Yani, arazisini geri isteyebilir.
2) El konulan arazisinin bedelini talep edebilir. Bu bedel de taşınmazın dava tarihindeki bedeli olur.
Avundukluoğlu, iddialı:
- Mayınların temizlenmesi sonrası hak sahiplerinin açacakları dava Anayasa Mahkemesi'ne giderse, TBMM'den çıkarılacak kanun ne olursa olsun iptal edilir.

***
Yargıtay'ın 1956'da aldığı karar, yapılacak düzenlemelerin önünde önemli bir engel. Ayrıca, sıkıntı bu kadarla sınırlı da değil.
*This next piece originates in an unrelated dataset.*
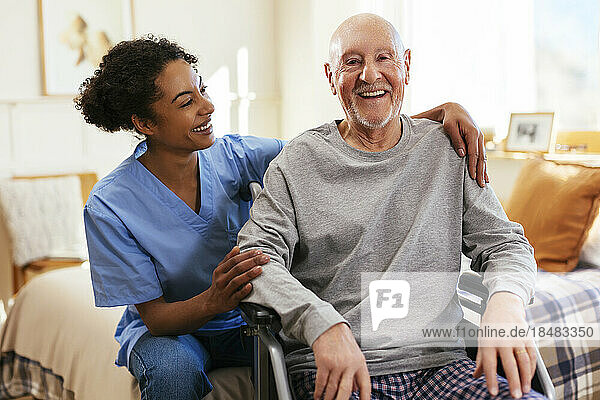 Glücklicher älterer Mann  der zu Hause von der Krankenschwester im Rollstuhl sitzt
CHP Grup Başkanvekili Hakkı Süha Okay, iki önemli noktaya daha dikkat çekti.
1) Bu konuda halen devem etmekte olan davalar var.
2) Mayınlı arazi konusunda AİHM'e intikal etmiş davalar da bulunuyor.
Mayınlı arazilerle ilgili düzenlemeler tartışılıyor tartışılmasına daAsıl önemli nokta olan hukuki engelleri pek konuşan yok. Hukuk, mayınlı arazinin temizlenmesinin ardından yapılacak düzenlemelerin önüne yeni mayınlar döşüyor!
Eldeki veriler, bu pilavın daha çok su kaldıracağını gösteriyor.